Hi friends! This blog is for teachers and families- all for the sheer joy of literacy. When we are enthusiastic about reading and writing our students and our own kids become excited to read and write. I hope that we all can be models for those in our care- how did you show your passion for reading, writing, learning, language, or words today?? It's in those small, daily moments that we teach kids to love literacy.

Wednesday, June 8, 2011

Read Aloud Thursday: Time for a Feast!

Even though my 18 MO daughter has a hard time sitting through an entire read aloud- we try quite a bit. We read several books before bed, and we like to grab a nearby book and read anytime we're lounging around the house snuggling- which happens pretty often (and is usually the highlight of my day)!

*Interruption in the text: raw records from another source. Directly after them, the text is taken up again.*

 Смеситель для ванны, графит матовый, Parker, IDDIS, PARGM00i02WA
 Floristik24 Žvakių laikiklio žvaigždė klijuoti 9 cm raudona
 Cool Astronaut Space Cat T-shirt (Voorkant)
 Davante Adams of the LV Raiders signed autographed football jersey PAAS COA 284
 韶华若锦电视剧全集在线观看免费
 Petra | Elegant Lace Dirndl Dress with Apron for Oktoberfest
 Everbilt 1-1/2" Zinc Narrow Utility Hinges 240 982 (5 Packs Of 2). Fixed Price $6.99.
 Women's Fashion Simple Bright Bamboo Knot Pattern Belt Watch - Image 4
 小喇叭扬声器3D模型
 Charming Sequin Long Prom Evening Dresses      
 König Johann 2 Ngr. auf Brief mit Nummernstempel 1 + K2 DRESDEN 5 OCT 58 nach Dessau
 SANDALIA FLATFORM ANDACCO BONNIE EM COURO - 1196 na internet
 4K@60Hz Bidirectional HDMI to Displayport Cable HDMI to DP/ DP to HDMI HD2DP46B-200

Pre-kids I didn't see the point in board books, but now I love them. I love that they allow my wee one to interact with text at any early age- turning pages, understanding how we hold a book, pointing to pictures/illustrations that interest her, etc...

Today we read Feast for 10, by Cathryn Falwell. We picked it up at the library last week.

Reading level: Ages 4-8
Paperback: 32 pages
Publisher: Sandpiper (February 1, 1995)

As a mom, this is a book I would want to read to my child again and again. It gently teaches good family values (cooperation, responsibility, and sharing). It's a counting book and I like that it goes through 1-10 twice, once while the family is shopping for the feast, and then when the family is preparing the feast.

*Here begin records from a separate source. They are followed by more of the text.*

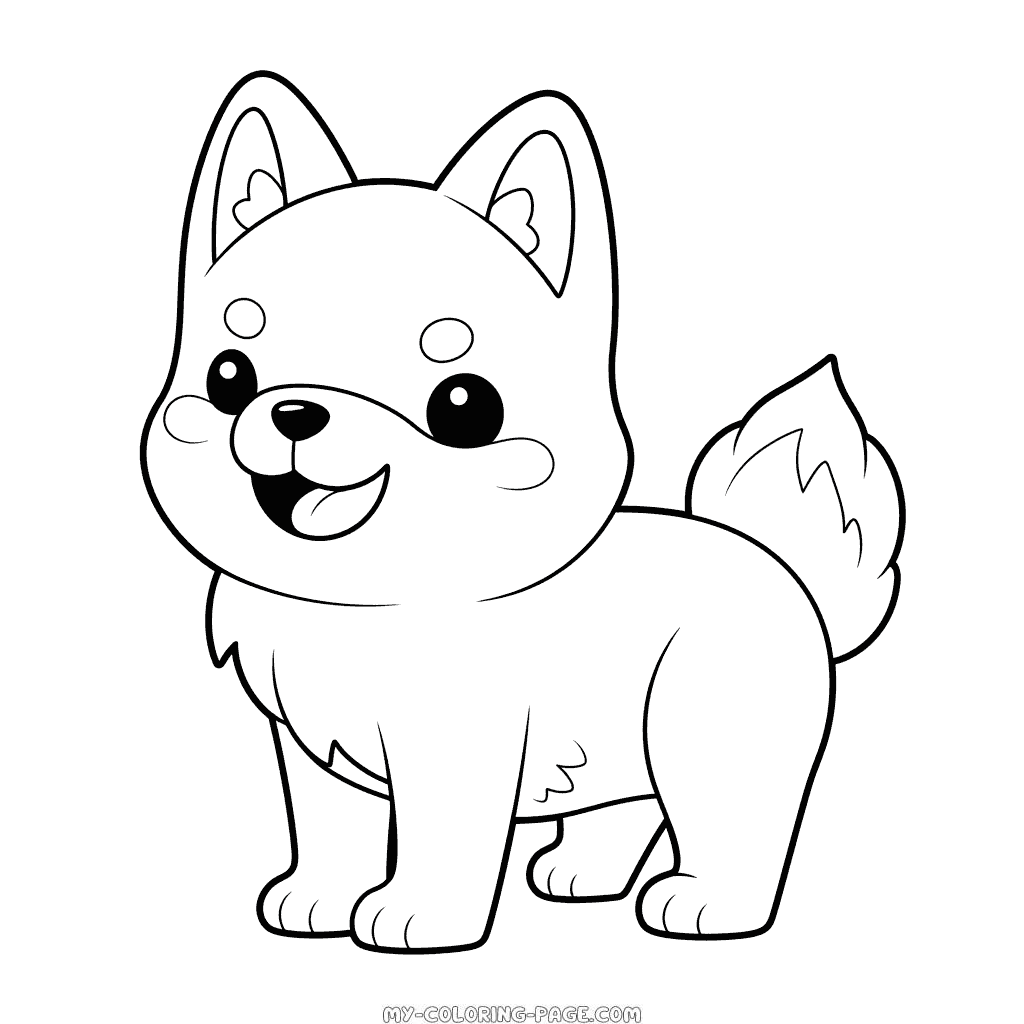 Akita Dog coloring page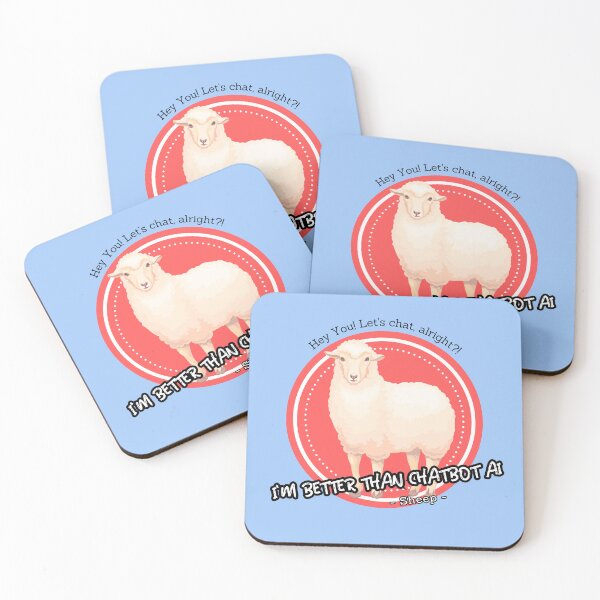 Item preview, better than chatbot AI - sheep designed and sold by PositiveIdeas.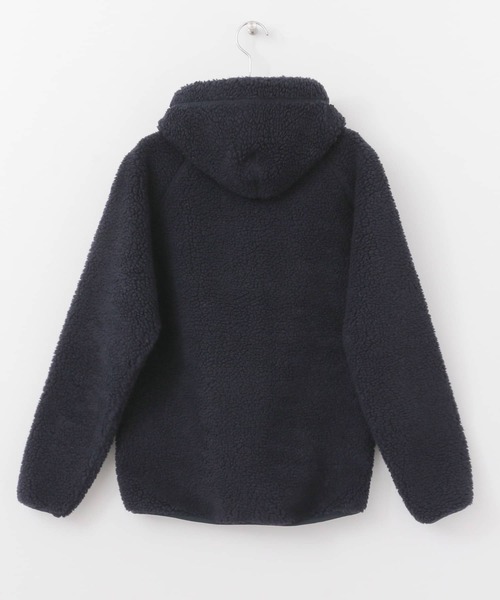 URBAN RESEARCH DOORS（アーバンリサーチドアーズ）の「GYMPHLEX　T/A ボアフードジャケット（ブルゾン・レディース・アイボリー/ネイビー・16）」の8枚目の写真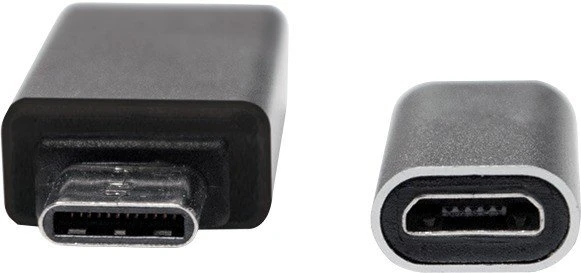 LogiLink Adapter Set USB-C 3.0 [Stecker]/USB-A 3.0 [Buchse]/USB 2.0 Micro-B [Buchse]
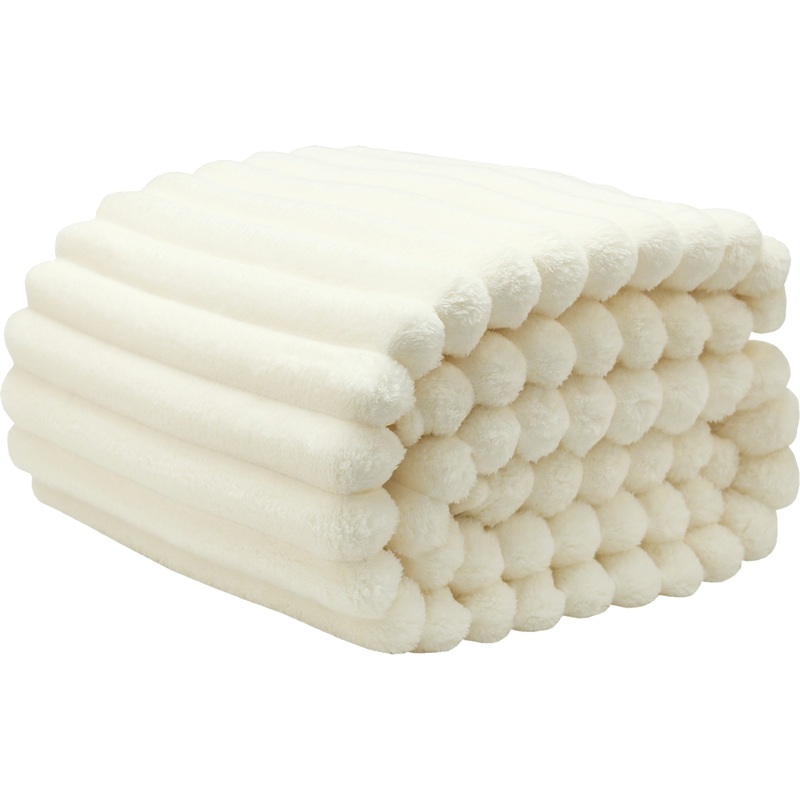 Изображение товара Покрывало на кровать BRAVO Family велсофт кремовое 150х200 см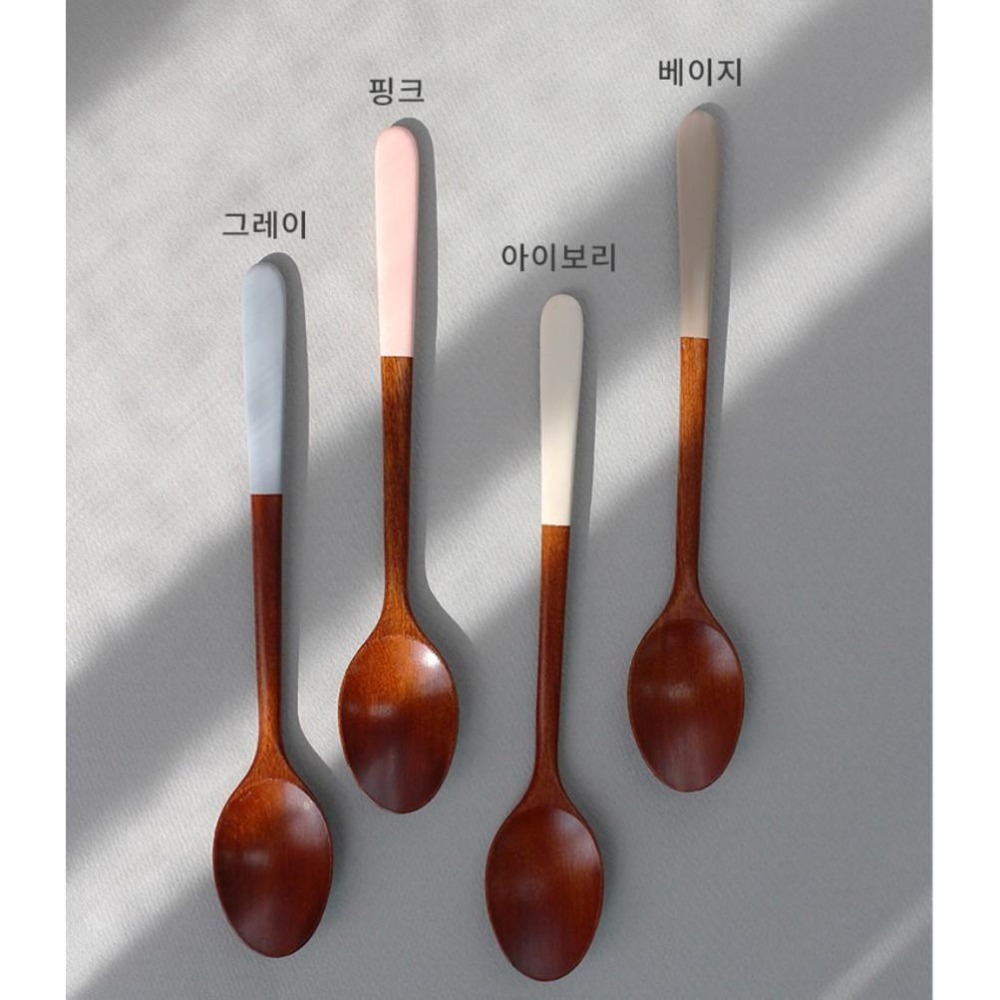 韓國 ACACIA木製餐具四件組 (湯匙2+筷子2)-細節圖2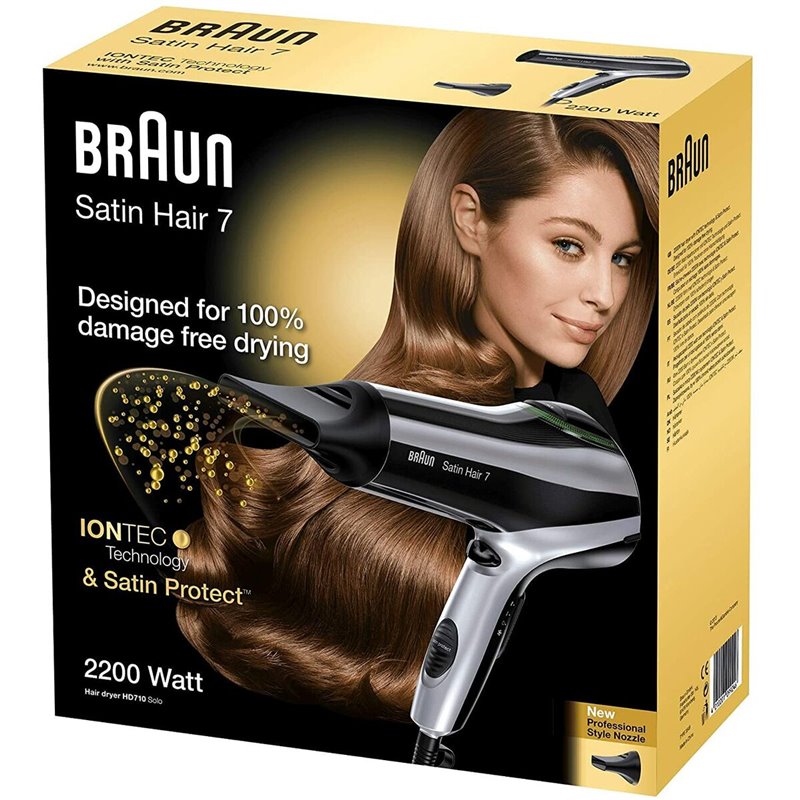 Image secondaire de Braun HD710 sèche-cheveux 2200 W Noir, Argent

As a teacher, I see how the book encourages early literacy skills and number sense (it is a counting book, after all!). How does it teach early literacy skills? The rhyming scheme builds phonemic awareness (awareness of sound patterns in words), which is a foundational literacy skill. The words Falwell uses builds your preschooler's ever-expanding vocabulary (for example: cart, grocery, fry, bunches of greens, dill pickles, ripe, plump, peel, platters, jar, hungry folks). Building your child's knowledge of words early on will help them to be a better reader later on.

I think this book makes a great read aloud for any preschooler.

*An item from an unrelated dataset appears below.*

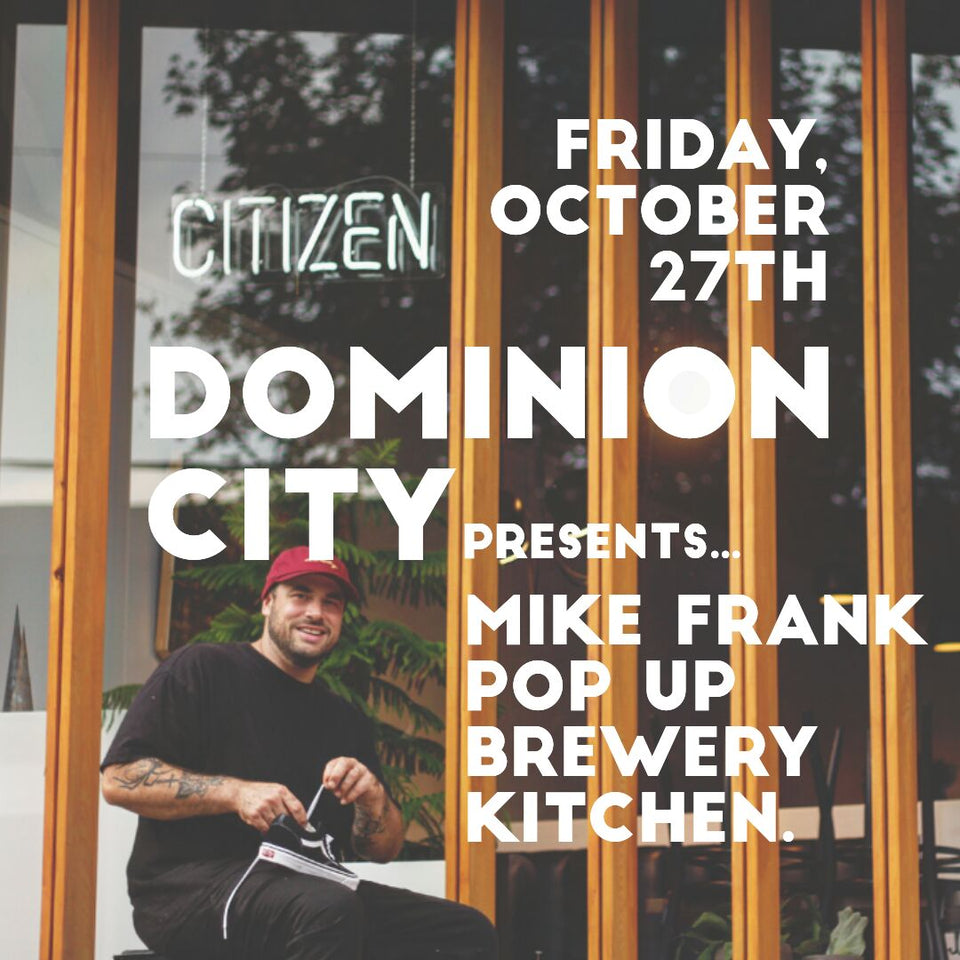 Mike Frank Pop Up Brewery Kitchen.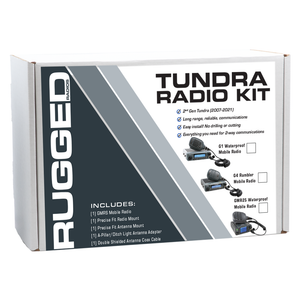 Toyota Tundra Two-Way GMRS Mobile Radio Kit - Dunes 2 Dezert SXS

The only caveat I have is the absence of the father in the book. I feel like this book is trying to be modern(the family does recycle after all), but the father is at home while the mom shops with 5 kids. Does that really happen anymore? My husband shops, cooks, and cleans just as much as I do-- and if I had 5 kids, I'd make sure I would have my husband around to help at the store. Also when the family is in the kitchen the dad is taking out the trash and the mom is baking- hmmm, a little too stereotypical for me. I don't want to scrutinize the book too much, because it's a great read (and nitpicking is no fun)...I just wish it was a little more in sync with the changing roles of the modern family.

Have you read this book? What did you think of it?

p.s. Reading aloud is one of THE BEST ways to make your child a reader. What have you read aloud to you child/students this week?

I'm linking up at Hope is the Word. Join the fun!

Be well! Read on!


  1. I do remember reading the book briefly in the library, because I was taken with the illustration style. Your points are well taken on the family dynamic.

    Treasure the cuddled-up reading opportunities.

  2. I'm happy to see you enjoyed Feast for 10. Now in it's 19th year, there are several things I'd like to "update." It's hard to believe, but when I first made this book, having a Dad take the baby in for her nap and help out in the kitchen was not as routine as it is (thankfully!) now. Even recycling was new then. I suggest you tell your child that in this story, it's the Mom's week to shop---next week is Dad's, who was home cleaning the house and doing the laundry while they were at the store! :o)
    Happy Reading!

  3. I'll have to grab that book! Sounds like a great read!

    I love Cathryn's follow up comment too! Great suggestion!! :)

    Wonderful blog, by the way! I'm a new follower!

  4. This is a wonderful book in many ways. The counting, the rhyming, the food, the social/family aspect... so many ways to do tie-in activities. Thanks for sharing!

  5. @ Debbie- Yes, I love the paper collage illustrations!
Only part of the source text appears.